Comparada aos outros regimes militares sangrentos do Cone Sul na mesma época, a ditadura que governou o Brasil entre 1964 e 1985 pode ter parecido mais tranquila.
Mas, para os familiares das vítimas, o governo militar realizou caçadas tão cruéis como as de Argentina, Chile, Uruguai e Paraguai.
Diferentemente do que fizeram alguns de seus vizinhos, o Brasil não tomou muitas providências para lançar luz sobre essa "guerra suja" depois que se redemocratizou. Mas a Justiça pode mudar isso.
Uma decisão judicial rejeitou um recurso do governo do presidente Luiz Inácio Lula da Silva contra a abertura de arquivos secretos de um sórdido capítulo da repressão na era militar, a guerrilha do Araguaia.
Segundo analistas, Lula hesitou em revelar documentos da ditadura, preocupado com suas relações com os militares.
Para o deputado e ex-guerrilheiro Fernando Gabeira (sem partido-RJ), que abandonou o PT por discordar das políticas de Lula, "a decisão da Justiça salva o governo, que não tinha coragem nem de abrir os arquivos e nem de fechá-los".
O governo Lula não recorrerá da decisão.
A guerrilha do Araguaia foi exterminada pelo Exército em 1974, em operações nas quais se estima que 60 pessoas tenham desaparecido.
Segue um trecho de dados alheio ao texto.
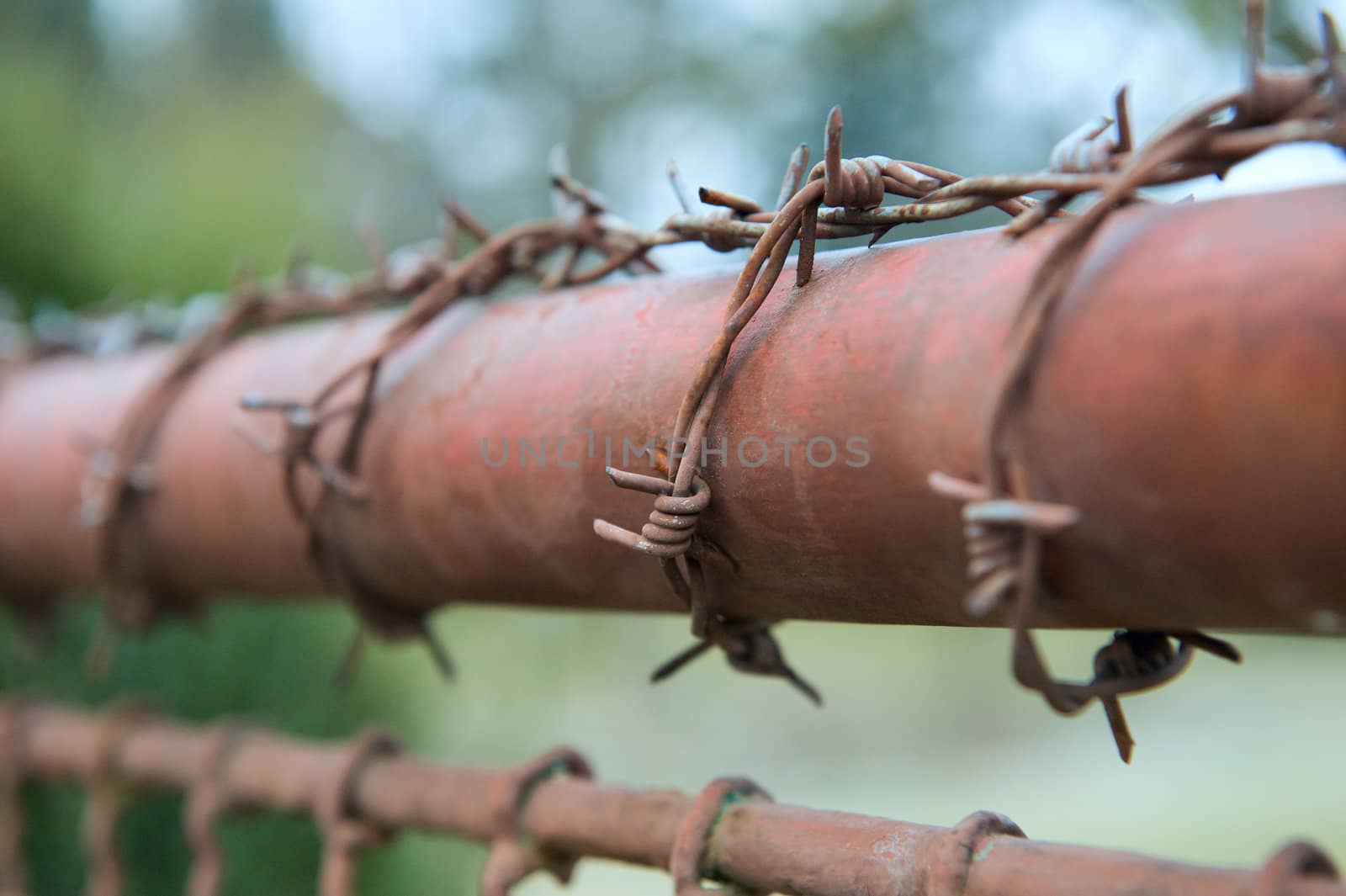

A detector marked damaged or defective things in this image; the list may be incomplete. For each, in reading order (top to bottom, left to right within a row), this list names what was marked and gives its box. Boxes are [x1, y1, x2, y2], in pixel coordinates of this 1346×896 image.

rusty metal pipe [3, 183, 1346, 627]
rusty fence rail [0, 699, 1335, 893]
rusty metal pipe [10, 699, 1346, 896]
De acordo com testemunhos, os guerrilheiros foram torturados e depois assassinados, e seus corpos foram escondidos.
Pela decisão judicial, o governo terá quatro meses para divulgar os documentos e, com base neles, informar onde estão enterrados os corpos e trasladá-los a cemitérios próximos às residências dos familiares.
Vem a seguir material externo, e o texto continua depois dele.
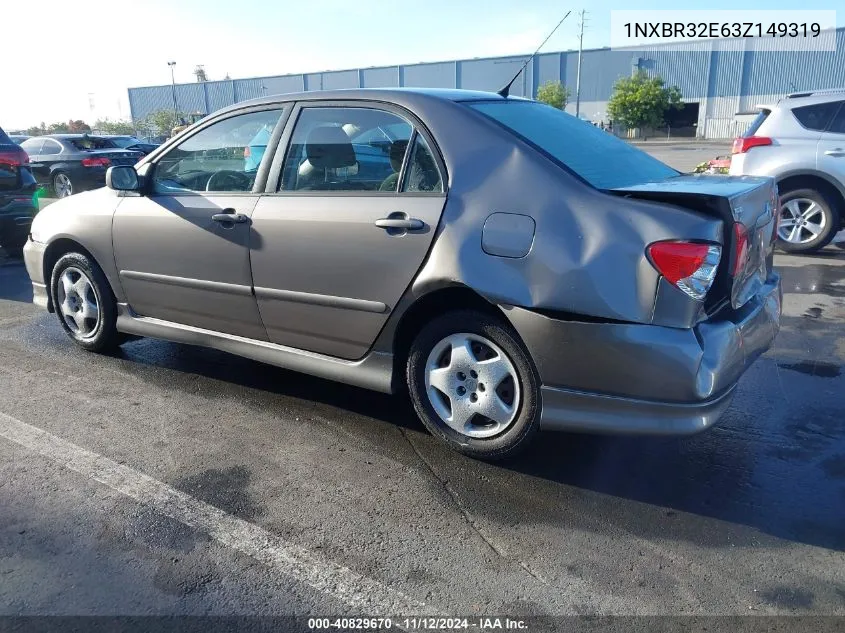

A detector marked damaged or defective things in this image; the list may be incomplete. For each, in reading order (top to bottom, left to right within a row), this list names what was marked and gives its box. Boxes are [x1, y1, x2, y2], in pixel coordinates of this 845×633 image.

damaged rear quarter panel [410, 103, 724, 324]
"A sentença é importante. Confirma o direito que as famílias e a própria sociedade têm de saber o que aconteceu", disse Nilmário Miranda, secretário nacional de Direitos Humanos.
Desde 1982, familiares das vítimas pedem na Justiça que o Exército libere seus arquivos sobre o assunto.
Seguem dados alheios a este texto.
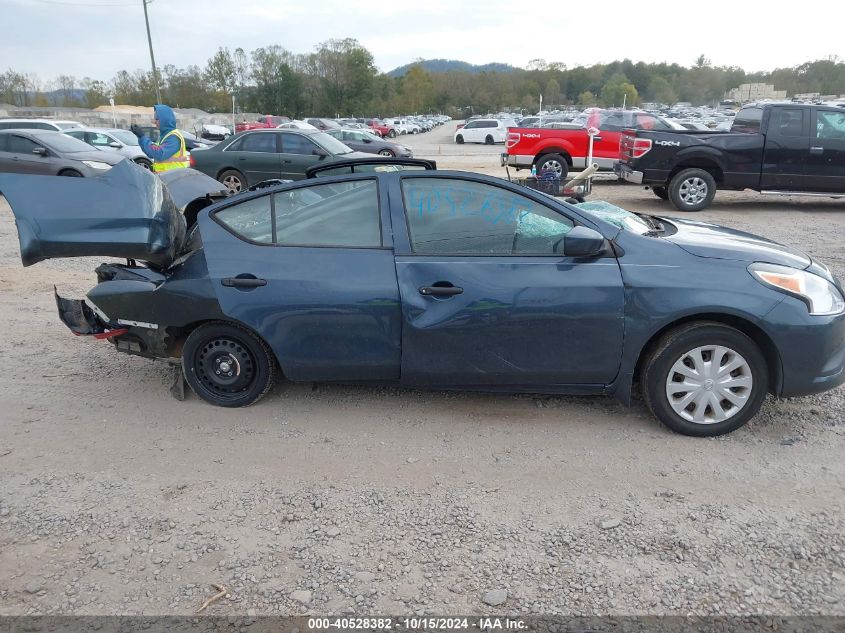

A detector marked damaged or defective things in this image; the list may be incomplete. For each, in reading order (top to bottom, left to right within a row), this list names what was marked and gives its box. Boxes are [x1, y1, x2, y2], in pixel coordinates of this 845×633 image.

damaged dark blue sedan [1, 159, 844, 434]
Cerca de 400 opositores morreram no Brasil durante o regime militar. O Estado assumiu a responsabilidade pelos crimes e pelas perseguições e indenizou vítimas e familiares, mas os documentos sobre a repressão permaneceram ocultos.
Além disso, por causa da anistia, a Justiça nunca atribuiu responsabilidades individuais por crimes cometidos pela guerrilha ou pelos militares.
Quase 20 anos se passaram desde o fim da ditadura, mas a conveniência de abrir ou não os arquivos secretos ainda é tema de discussão.
Para Cecília Coimbra, vice-presidente do grupo Tortura Nunca Mais, "o Brasil é o país mais atrasado da América Latina no resgate de sua história".
Em alguns países, como na Argentina, comandantes do regime militar (1976-1984) foram julgados e condenados, chegando a cumprir vários anos de prisão antes do indulto, em 1990.
Alguns deles voltaram a ser presos por crimes como o roubo de bebês, filhos de vítimas da repressão, que matou entre 9.000 e 30 mil pessoas no país. Além disso, uma comissão oficial revelou os horrores dos campos clandestinos de detenção. O chefe do Exército fez um mea culpa sobre a atuação da força militar.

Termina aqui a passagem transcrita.